Task: Go through the listing below and write out exactly the lines from the one that mentions "Senior male soccer" through the one that mentions "Ljusblå kostymbyxor från", minus the pictures.

----

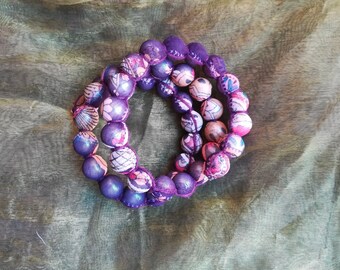 Pulsera vintage de cuentas de tela morada de los años 90: diseño étnico en espiral
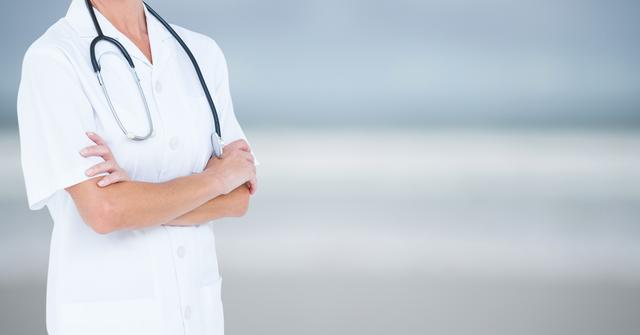 Nurse standing with arms crossed and stethoscope around neck on blurred blue background. Suitable for healthcare and medical-related promotions, advertisements, websites, brochures, and articles highlighting nursing staff, hospital services, and professional healthcare. Ideal for conveying confidence, professionalism, and trust in medical care.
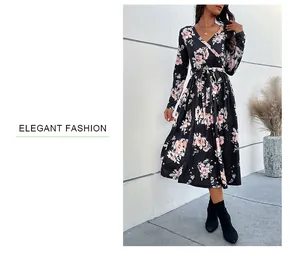 Detail view of floral midi dress with V-neckline, drawstring waist and elegant pink print
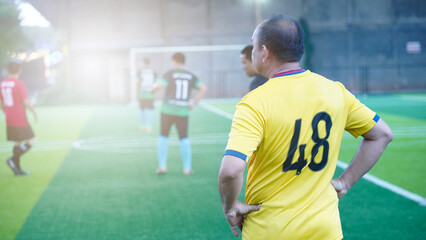 Senior male soccer player stands with his back to support yellow tiger's waist on artificial grass field.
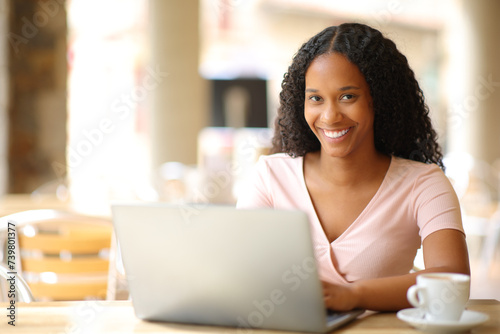 Happy black woman looking at you using laptop in a restaurant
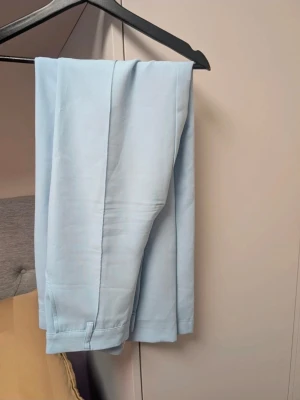 Ljusblå kostymbyxor från Madlady - Snygga ljusblå straight leg kostymbyxor från Madlady med pressveck och raka ben. Byxorna har en klassisk passform med mycker stretch. Uppsydda för att passa en på 165 cm. Som ny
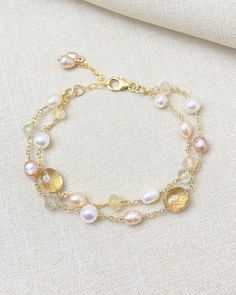 Fall in love with this layered gold bracelet, featuring a stunning combination of pale pink and golden gemstones intricately paired with luminous freshwater pearls. Meticulously handcrafted, this luxe and sophisticated piece is designed to elevate any outfit, whether you're dressing up for a special occasion or adding a touch of elegance to your everyday wear. The seamless interplay of colors and textures creates a visually captivating accessory that truly stands out. Each strand of this layered Delicate Gold Bracelets With Oyster Bracelet, Elegant Pearl Beaded Bracelets With Gemstones, Delicate Gold Oyster Bracelet, Feminine Gold Jewelry For Jewelry Making, Delicate Gold Bracelets With Pearl Charm, Elegant Pearl Bracelets With Natural Stones, Elegant Gold Pearl Bracelet With Natural Stones, Elegant Double Strand Gold Beaded Bracelet, Feminine Gold Jewelry With Round Beads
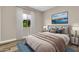 Bedroom features large window with white curtains and a comfortable bed with decorative pillows and throw at 6837 S Roosevelt St, Tempe, AZ 85283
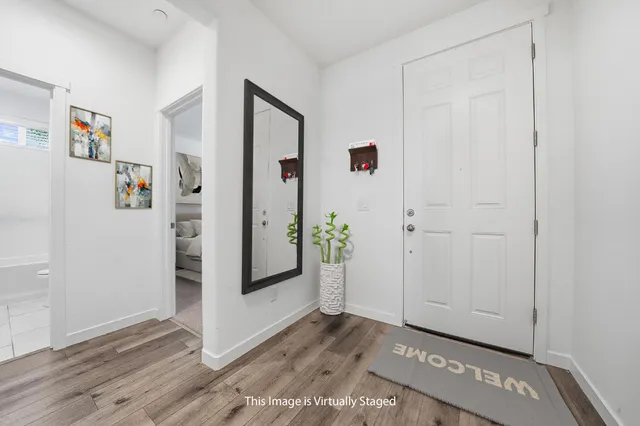 a bedroom with a bed and a painting on the wall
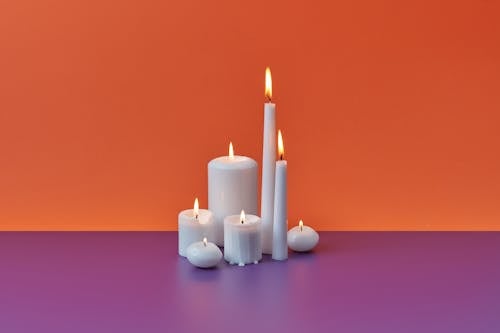 Burning Candles in Different Shapes 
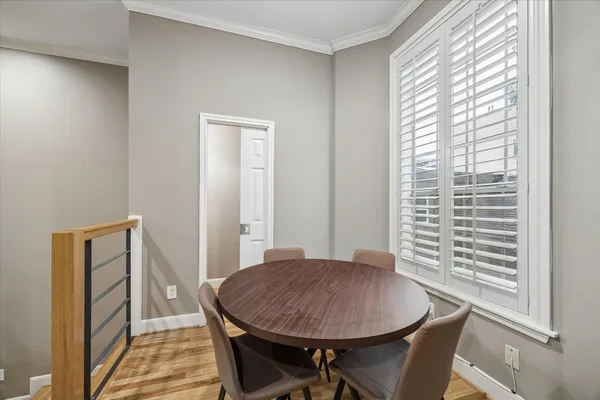 a view of a dining room with furniture and wooden floor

----

Expected answer:
 Senior male soccer player stands with his back to support yellow tiger's waist on artificial grass field.
 Happy black woman looking at you using laptop in a restaurant
 Ljusblå kostymbyxor från Madlady - Snygga ljusblå straight leg kostymbyxor från Madlady med pressveck och raka ben. Byxorna har en klassisk passform med mycker stretch. Uppsydda för att passa en på 165 cm. Som ny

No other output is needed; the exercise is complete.